I wrote up a JavaOne presentation on this in 2001. While I couldn't go and it wasn't presented this is pretty much what I found too.

The best of REST

Implementing REST Web Services: Best Practices and Guidelines " The architecture represented above has a pipe-and-filter style, a classical and robust architectural style used as early as in 1944 by the famous physicist, Richard Feynman, to build the first atomic bomb in his computing team. A request is processed by a chain of filters and each filter is responsible for a well-defined unit of work. Those filters are further classified as two distinct groups: front-end and back-end. Front-end filters are responsible to handle common Web service tasks and they must be light weight. Before or at the end of front-end filters, a response is returned to the invoking client...Most notably, the filters can be considered as a standard form of computing and new filters can be added or extended from existing ones easily. This architecture has good user-perceived performance because responses are returned as soon as possible once a request becomes fully processed by lightweight filters. This architecture also has good security and stability because security breakage and errors can only propagate a limited number of filters."

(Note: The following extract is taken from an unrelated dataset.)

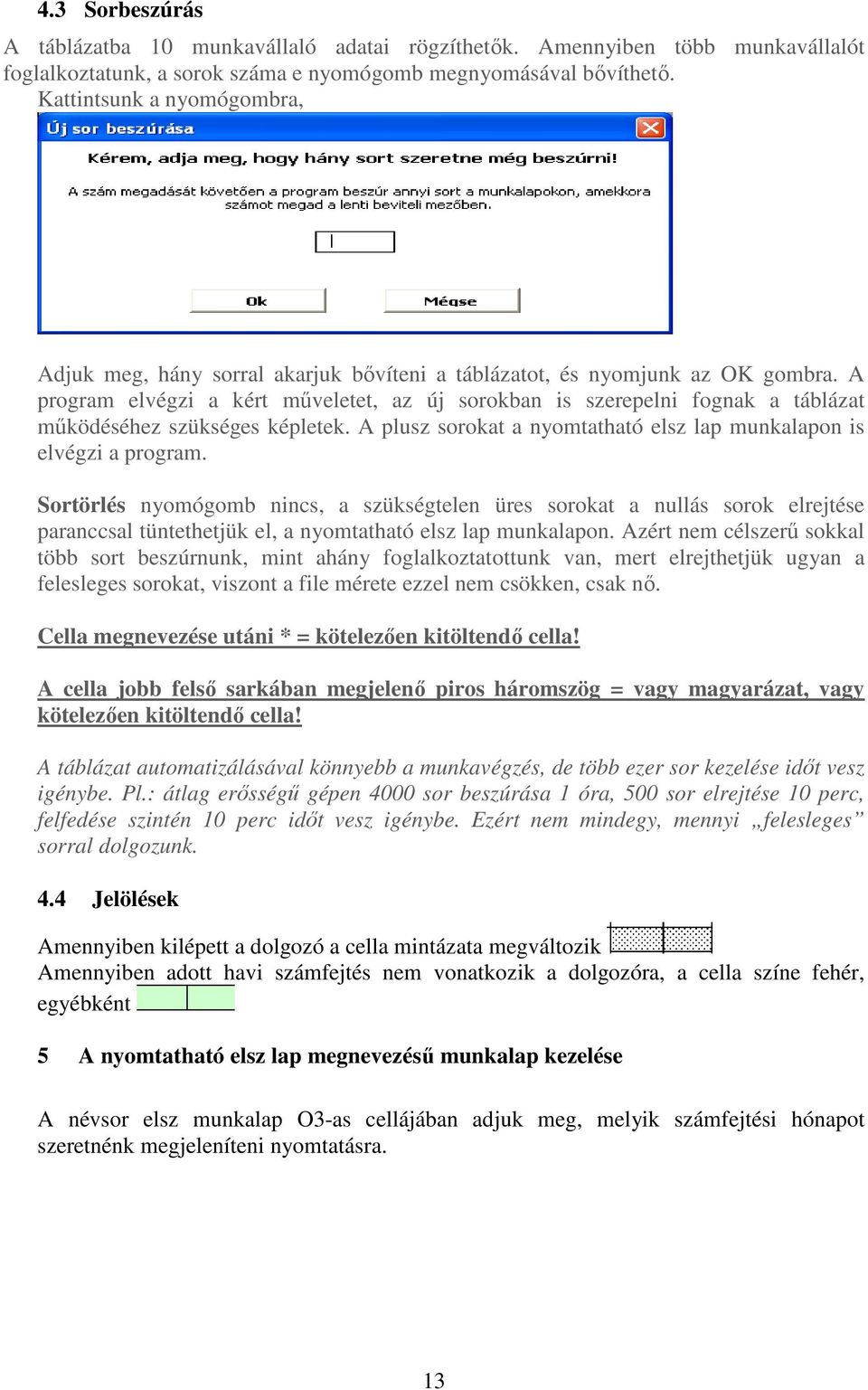 A program elvégzi a kért műveletet, az új sorokban is szerepelni fognak a táblázat működéséhez szükséges képletek. A plusz sorokat a nyomtatható elsz lap munkalapon is elvégzi a program.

Web Services: REST in Peace? "The advantages of conceptualising an application in terms of services and messages, rather than in terms of APIs (either RESTful or RPC oriented varieties) are clear: it enables super-loose coupling both for composing services into applications and in the implementation of a service itself."

Ontaria

"Ontaria is a searchable and browsable directory of semantic web data. Our focus is RDF vocabularies with OWL ontologies, but all the RDF data we index is visible. The site is primarily intended for people creating RDF content who want to better understand which vocabularies are available and how they are being used. Beyond this, Ontaria may be useful for finding and exploring arbitrary RDF content."

Current Database: Last Updated: 29 April, Triples: 18172, Sources: 70.

Friday, August 20, 2004

Radio RDF

RDF Radio "So what's RDF Radio? Mostly vapour right now, but it's a concept Matt Croydon and I have been tossing around for a few weeks. The basic ideas of which are a little similar to Nokia's much touted but equally vapourous Visual Radio.

The main tenet of both is to provide some additional metadata about an existing "Radio" audio stream on a side channel. Visual Radio appears to be quite tightly constrained around proving visual (wap/html based?) user oriented information over GPRS as an adjunct to FM radio. RDF Radio on the other hand is intended to provide timely pure RDF/XML metadata that supplements any broadcast stream; FM, AM, webcast and much more."

Resting on SOFA

I've recently been part of taking a closer look at SOFA (I haven't been doing most of the work though). Initially, it looks too good to be true, OWL in 5 classes. Surely it can't be that easy? It's basically an object model for OWL and RDFS. It includes: Concept, Ontology, Relation, Restriction and Thing. A Concept represents a classification item (class) and a Thing represents a knowledge item (instance). Relations are transitive, symmetric or an inversion. Restrictions are by cardinality or value. It can read and write both OWL and RDFS.

Other features:
* Provides inferencing.
* Support for Java types. This includes mapping to 10 Java datatypes, like String to xsd:string. Other Java objects are base64 encoded - which is a strange feature but kind of cool.
* Events and event listeners (when Things are added, removed or modified).
* Uses URI objects.
* Supports checked exceptions and throws them when you do something wrong.
* Interfaces all the way through.
* DOTWriter which represents an ontology as a directed graph described by Graphviz DOT language syntax.
* Unit tests.

Because it is so small it should be fairly easy to integrate into other stores and APIs.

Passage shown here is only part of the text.